Conjurers and the Psychic

From The Arthur Conan Doyle Encyclopedia

Conjurers and the Psychic is a letter written by Arthur Conan Doyle published in The New-York Times, 20 august 1922.

Arthur Conan Doyle replies to Mr. Edwards-Ficken about Houdin's opinion on spiritualism.


Conjurers and the Psychic

The New-York Times (20 august 1922)

Houdin's Testimony as to Certain Inexplicable Phenomena.

To the Editor of The New York Times:

Will you excuse very belated reply, but your issue of June 26 has only just reached me in which Mr. Edwards-Ficken undertakes to set me right upon psychic matters. The particular statement to which he objects in that Houdin supported psychic phenomena as being outside the conjurer's art. Houdin's letters were published by the Marquis de Mirville to whom they were addressed, and the passages referred to are as follows:

"The more I reflect upon them (psychic phenomena) the more impossible I find it to rank them among those which belong to my art and profession."

Again:

"I have returned from the seance as astonished as it is possible to be, and persuaded that it is utterly impossible that chance or skill could ever produce effects so wonderful."

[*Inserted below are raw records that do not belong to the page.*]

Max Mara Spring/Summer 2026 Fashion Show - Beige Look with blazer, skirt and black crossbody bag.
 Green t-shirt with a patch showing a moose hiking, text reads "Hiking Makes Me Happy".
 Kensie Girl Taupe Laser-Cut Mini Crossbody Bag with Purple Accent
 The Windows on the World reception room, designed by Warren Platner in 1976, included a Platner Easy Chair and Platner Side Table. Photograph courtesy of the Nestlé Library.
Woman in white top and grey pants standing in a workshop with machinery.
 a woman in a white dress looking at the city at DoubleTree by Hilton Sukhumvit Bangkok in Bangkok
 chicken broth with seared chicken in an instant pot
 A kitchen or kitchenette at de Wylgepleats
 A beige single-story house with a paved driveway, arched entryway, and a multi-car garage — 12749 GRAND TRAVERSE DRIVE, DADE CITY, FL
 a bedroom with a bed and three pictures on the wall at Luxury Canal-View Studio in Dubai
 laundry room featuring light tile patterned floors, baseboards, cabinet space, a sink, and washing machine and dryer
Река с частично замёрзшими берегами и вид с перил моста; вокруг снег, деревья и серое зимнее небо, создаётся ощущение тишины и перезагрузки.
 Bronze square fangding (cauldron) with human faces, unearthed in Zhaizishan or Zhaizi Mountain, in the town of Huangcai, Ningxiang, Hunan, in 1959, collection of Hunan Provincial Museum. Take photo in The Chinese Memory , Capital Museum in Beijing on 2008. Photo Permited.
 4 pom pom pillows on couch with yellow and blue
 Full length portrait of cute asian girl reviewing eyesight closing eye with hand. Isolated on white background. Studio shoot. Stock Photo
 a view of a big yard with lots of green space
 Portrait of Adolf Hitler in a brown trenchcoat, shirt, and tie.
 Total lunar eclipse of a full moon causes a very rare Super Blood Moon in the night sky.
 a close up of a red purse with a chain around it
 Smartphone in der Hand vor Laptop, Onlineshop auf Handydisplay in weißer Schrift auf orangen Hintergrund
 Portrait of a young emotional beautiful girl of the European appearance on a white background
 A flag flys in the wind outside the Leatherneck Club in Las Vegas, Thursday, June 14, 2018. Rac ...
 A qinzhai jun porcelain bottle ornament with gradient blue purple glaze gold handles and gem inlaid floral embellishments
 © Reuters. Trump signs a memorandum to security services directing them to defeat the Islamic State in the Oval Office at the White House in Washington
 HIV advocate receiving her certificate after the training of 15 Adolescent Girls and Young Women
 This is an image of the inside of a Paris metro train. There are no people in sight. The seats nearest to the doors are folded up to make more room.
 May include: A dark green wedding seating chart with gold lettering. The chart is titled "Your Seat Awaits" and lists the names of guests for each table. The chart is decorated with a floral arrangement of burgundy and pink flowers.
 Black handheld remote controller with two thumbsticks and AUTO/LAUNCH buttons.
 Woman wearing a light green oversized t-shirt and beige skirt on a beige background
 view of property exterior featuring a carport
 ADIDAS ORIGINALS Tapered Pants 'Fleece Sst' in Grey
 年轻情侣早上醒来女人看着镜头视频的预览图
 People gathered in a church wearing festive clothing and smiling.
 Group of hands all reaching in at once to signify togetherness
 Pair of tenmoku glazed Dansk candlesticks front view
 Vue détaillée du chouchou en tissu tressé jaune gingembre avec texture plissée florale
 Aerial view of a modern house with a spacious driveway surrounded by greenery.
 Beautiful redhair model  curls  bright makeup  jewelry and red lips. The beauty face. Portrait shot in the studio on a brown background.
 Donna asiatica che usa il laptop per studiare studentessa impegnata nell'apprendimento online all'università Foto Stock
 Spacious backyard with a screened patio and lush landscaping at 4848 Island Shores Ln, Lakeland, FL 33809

In the face of these extracts what becomes of Mr. Edwards-Ficken's denial, and his clumsy sarcasms about my alleged credulity.

As to ectoplasm the dispute as to its existence is ludicrous to any one who has, like myself, held it in his hand. Since returning to London I have again seen a plentiful emission from Frau Silbert, an Austrian medium. At the end of Schenck-Notsing's book will be found eight or ten of it from different mediums in various countries. Every new thing faces the opposition of ignorant and prejudiced people and ectoplasm is no exception. It is admitted that it cannot be produced to order. Even in the Bisson experiments there were many days when under favorable conditions none appeared. It is, indeed, a dull mind which does not perceive that this is not an argument for fraud, but rather a proof of the genuine psychic nature of the phenomena, since all psychic things are at present beyond our immediate control.

ARTHUR CONAN DOYLE.
Windlesham, Crowborough, Sussex, Aug. 4. 1922.